=== Section Start ===
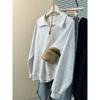 Suéter de manga larga con media cremallera para mujer, color blanco y gris, tiro real de comercio exterior, top de solapa tipo polo fino y holgado para primavera y otoño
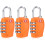 3Pcs Durable Tsa Approved Orange Combination Locks for Luggage 5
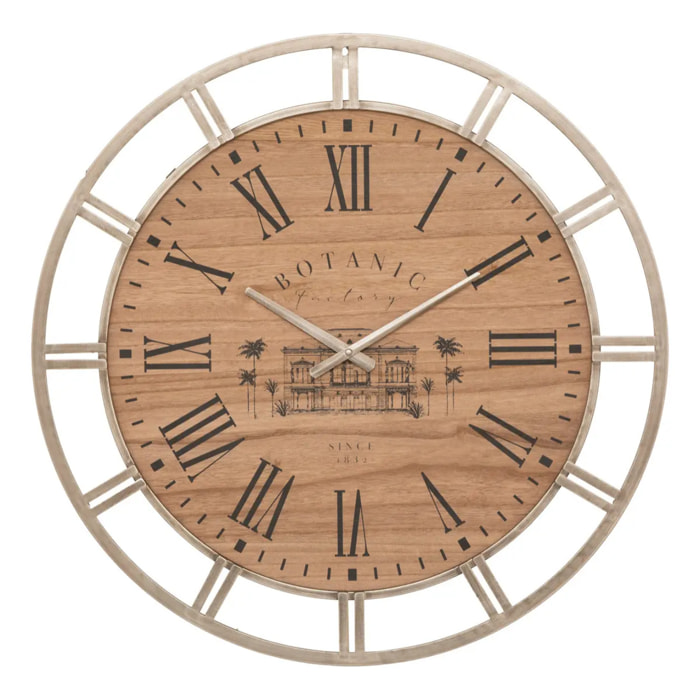 Horloge "Bota" - métal et bois - doré - D70 cm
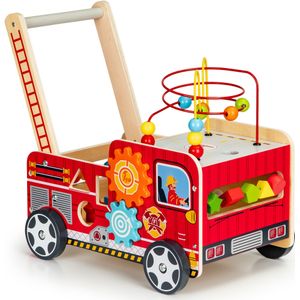 Loopwagen - brandweer - hout -  46 x 28 x 41,5 cm - rood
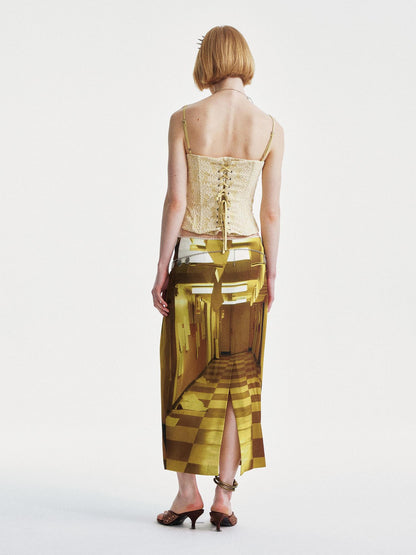 YOSHUYUKI Golden Corridor Print Low Waist Lace Skirt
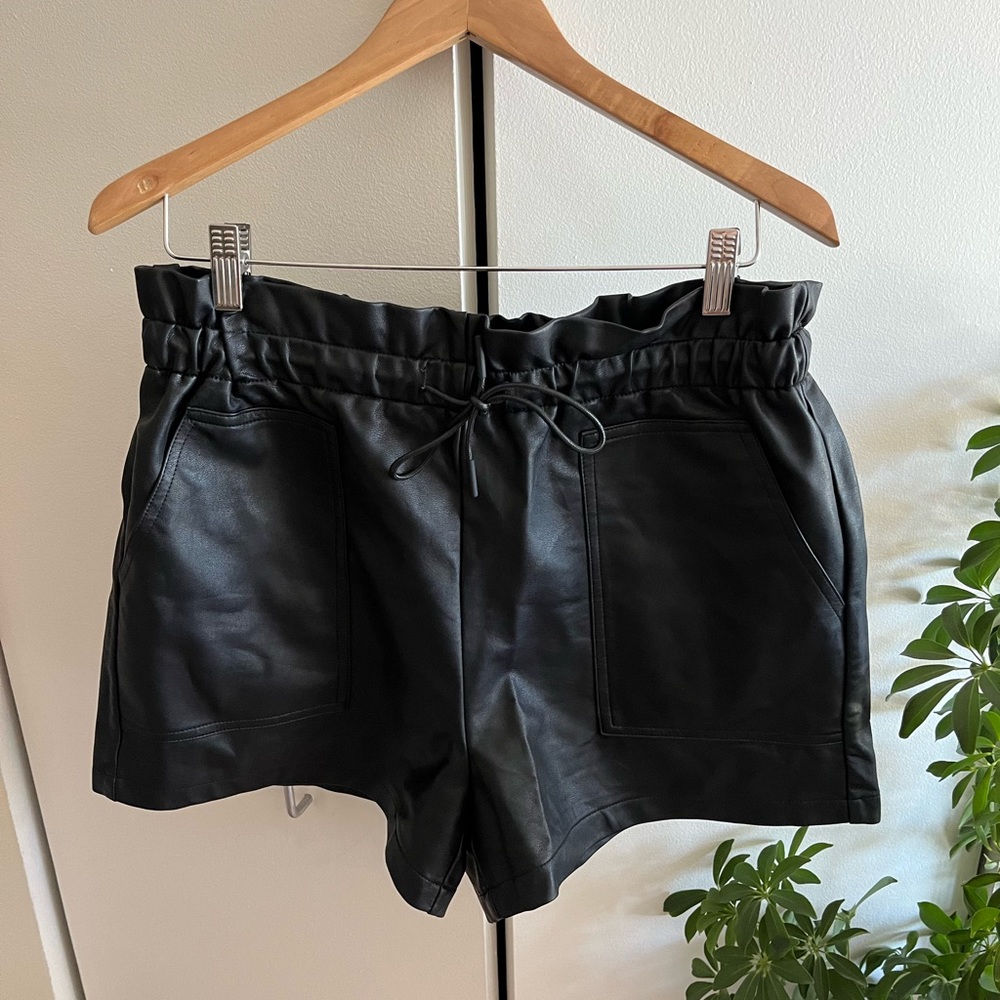 Faux Leather Shorts.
=== Section End ===
■ Task goal ■
Each line above is to be repeated exactly as written; no picture is carried over.

■ Expected answer ■
 Suéter de manga larga con media cremallera para mujer, color blanco y gris, tiro real de comercio exterior, top de solapa tipo polo fino y holgado para primavera y otoño
 3Pcs Durable Tsa Approved Orange Combination Locks for Luggage 5
 Horloge "Bota" - métal et bois - doré - D70 cm
 Loopwagen - brandweer - hout -  46 x 28 x 41,5 cm - rood
 YOSHUYUKI Golden Corridor Print Low Waist Lace Skirt
 Faux Leather Shorts.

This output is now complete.